Taklidi iman: Delile ve araştırmaya dayanmayan imandır.
Bu iman sahipleri mevcudattaki Allah’a ait damgaları, delilleri ve mühürleri okuyamaz. İlahî isimlerin ve sıfatların tecellilerini göremez. Her biri Rabbani bir mektup, ilahî bir kaside ve subhani bir kitap hükmünde olan mahlukları Allah hesabına okuyamaz. Sanattan sanatkâra, nakıştan nakkaşa, eserden müessire ve delilden medlule, yani kendisine delalet edilene geçemez. Bir çiçeğe baktığında sadece zahiri güzelliğini görür, onda tecelli eden ilahî isimleri ve sıfatları tefekkür edemez. Çiçeğin, Allah’ın varlığına ve birliğine ve diğer iman hakikatlerine yaptığı şehadeti işitemez. Bu duruma düşen insan, etrafında olup bitenlere karşı gafil, kâinat kitabındaki güzelliklere karşı kör, hadiselerin hak söyleyen dillerine karşı sağırdır. Bu itibarla inancında sığ ve yetersiz; ibadetlerinde aşksız ve vecdsizdir.

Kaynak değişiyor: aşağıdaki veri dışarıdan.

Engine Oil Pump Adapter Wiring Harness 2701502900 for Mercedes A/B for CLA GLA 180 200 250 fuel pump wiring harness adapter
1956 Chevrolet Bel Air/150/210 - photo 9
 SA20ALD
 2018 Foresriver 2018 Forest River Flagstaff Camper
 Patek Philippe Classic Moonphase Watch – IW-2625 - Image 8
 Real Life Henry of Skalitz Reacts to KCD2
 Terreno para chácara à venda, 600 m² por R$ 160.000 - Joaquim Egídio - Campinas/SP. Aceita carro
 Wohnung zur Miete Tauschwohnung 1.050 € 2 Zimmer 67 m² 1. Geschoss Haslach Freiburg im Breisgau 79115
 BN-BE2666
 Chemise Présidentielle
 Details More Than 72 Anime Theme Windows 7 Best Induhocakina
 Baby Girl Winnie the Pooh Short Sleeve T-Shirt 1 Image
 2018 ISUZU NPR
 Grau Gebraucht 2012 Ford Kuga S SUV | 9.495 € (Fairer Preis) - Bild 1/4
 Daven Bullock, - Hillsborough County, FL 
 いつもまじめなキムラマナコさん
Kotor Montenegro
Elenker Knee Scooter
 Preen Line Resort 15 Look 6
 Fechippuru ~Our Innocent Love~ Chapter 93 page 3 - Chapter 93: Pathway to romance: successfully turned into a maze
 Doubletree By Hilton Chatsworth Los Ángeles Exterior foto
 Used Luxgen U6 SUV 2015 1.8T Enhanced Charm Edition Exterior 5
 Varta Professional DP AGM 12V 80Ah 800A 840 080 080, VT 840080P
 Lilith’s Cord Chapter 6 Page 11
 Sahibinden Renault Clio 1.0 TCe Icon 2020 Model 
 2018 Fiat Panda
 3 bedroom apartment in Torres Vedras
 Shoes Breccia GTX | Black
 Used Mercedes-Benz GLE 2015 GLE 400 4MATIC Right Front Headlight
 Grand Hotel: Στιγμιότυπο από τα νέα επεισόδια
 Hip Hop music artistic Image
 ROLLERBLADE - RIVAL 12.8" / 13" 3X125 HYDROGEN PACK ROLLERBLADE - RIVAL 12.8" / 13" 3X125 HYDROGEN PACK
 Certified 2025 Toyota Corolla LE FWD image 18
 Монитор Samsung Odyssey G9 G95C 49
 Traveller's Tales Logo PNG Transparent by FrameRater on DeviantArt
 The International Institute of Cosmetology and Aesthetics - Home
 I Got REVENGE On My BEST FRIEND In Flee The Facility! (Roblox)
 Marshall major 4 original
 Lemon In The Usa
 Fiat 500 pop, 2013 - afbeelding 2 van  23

Bu derecedeki iman sahibini 2 soru ile anlayabiliriz:
1. Soru: Allah’a ve diğer iman hakikatlerine inanıyor musun?
Bu soruya cevabı “Evet”tir.
2. Soru biraz daha zordur: “Niçin inanıyorsun?”
Bu soruya cevap yoktur. Zira Allah’a ve diğer iman hakikatlerine inandığı için Müslüman değildir. Bilakis Müslüman olduğu için Allah’a inanır. Anası, babası, çevresi Müslüman’dır, o da Müslüman’dır.
Taklidi iman sahipleri, huzur-i imana sahip olamadıklarından ülfet hastalığına yakalanırlar. Bu iman sahipleri haricî ve enfüsi delilleri tefekkür edemez. Bu tefekkür noksanlığı ise, onu ya gaflete atar ya da inkâra sürükler. Bu, taklidi imanın acı bir meyvesi olan ülfetin son perdesidir.
Bence de çok doğru bir şekilde açlıklanmış ve bana göre de hedefi olmayan yelkeni olmayan bir gemi için en kuvvetli rüzgar itese bile bocalar gidemez.Yani ne yaptığını bilmeden yapmak belki bir anlamda o yaptığına karşı saygısızlıktır bu onun sebebini görmezden gelmektir bence.